Just like the fly that continually bounces off the window it can see right through with the result that despite its thousand eyes, its persistence gets it nowhere, marriage can have similar moments. If you’ve been married any length of time you’ve likely experienced this. It happens when one spouse keeps trying harder to change the other spouse, or parents keep trying harder to change their children, or even managers keep trying harder to change those they manage.

The treadmill of trying harder is driven by the assumption that failure or problems in relationships are due to the fact that someone didn’t try hard enough, use the proper technique, or have enough information. What this assumption overlooks is the possibility that other things are at play and in fact there is nothing actually “going wrong.”

Answers rather than questions

Imaginatively gridlocked relationships continually search for new answers to old questions rather than attempt to reframe the questions themselves.

One thing I learned in my doctoral schooling was this: questions are always more important than answers because the way you frame the question (or the problem) already predetermines the range of answers you’ll receive.

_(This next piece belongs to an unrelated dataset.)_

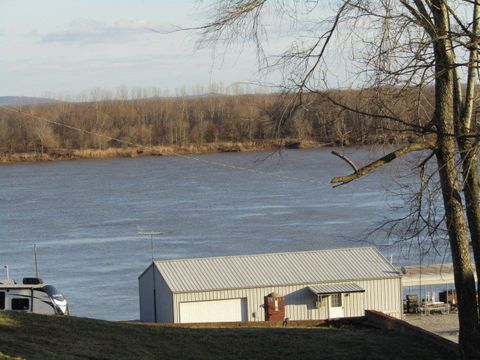 Tiny photo for 423 3rd Street, Rosiclare, IL 62982 (MLS # 12589009)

Throughout this class, focus on the questions more than you do the answers. Here’s an example: A mother perpetually seeks answers to the question of how to make her kids more responsible with their homework, despite the fact that she’s been ineffective for years. Finally, one day she reframed everything and says to her kids, “This is crazy. You’re going to save me a lot of money if you don’t go to college. So from now on, every time you catch me commenting on your homework you can fine me one dollar.”

Her reframing the question from how do I motivate my kids to how do I regulate myself, she not only found them doing far better, but a chronic backache that had bothered her for years mysteriously disappeared.

Either/or thinking

Systems that have either/or, black or white, all or nothing ways of thinking will eventually restrict the options of all involved. Differences become intense, emotionally charged polarizations rather than simply differences of opinions – and rigid systems will believe there is something fundamentally wrong.

One of the simplest ways to begin communicating with people differently is to do away with either/or thinking and begin to adopt more of a both/and idea. We aren’t going to agree on everything in life … in fact, we may not agree on most things at times! But know this; when it’s not a moral issue, it’s about what brings relief and comfort.

When troubled couples begin to view things differently and experience a breakthrough, often the issues over which they differed have not gone away but the two sides have become less reactive to the differences.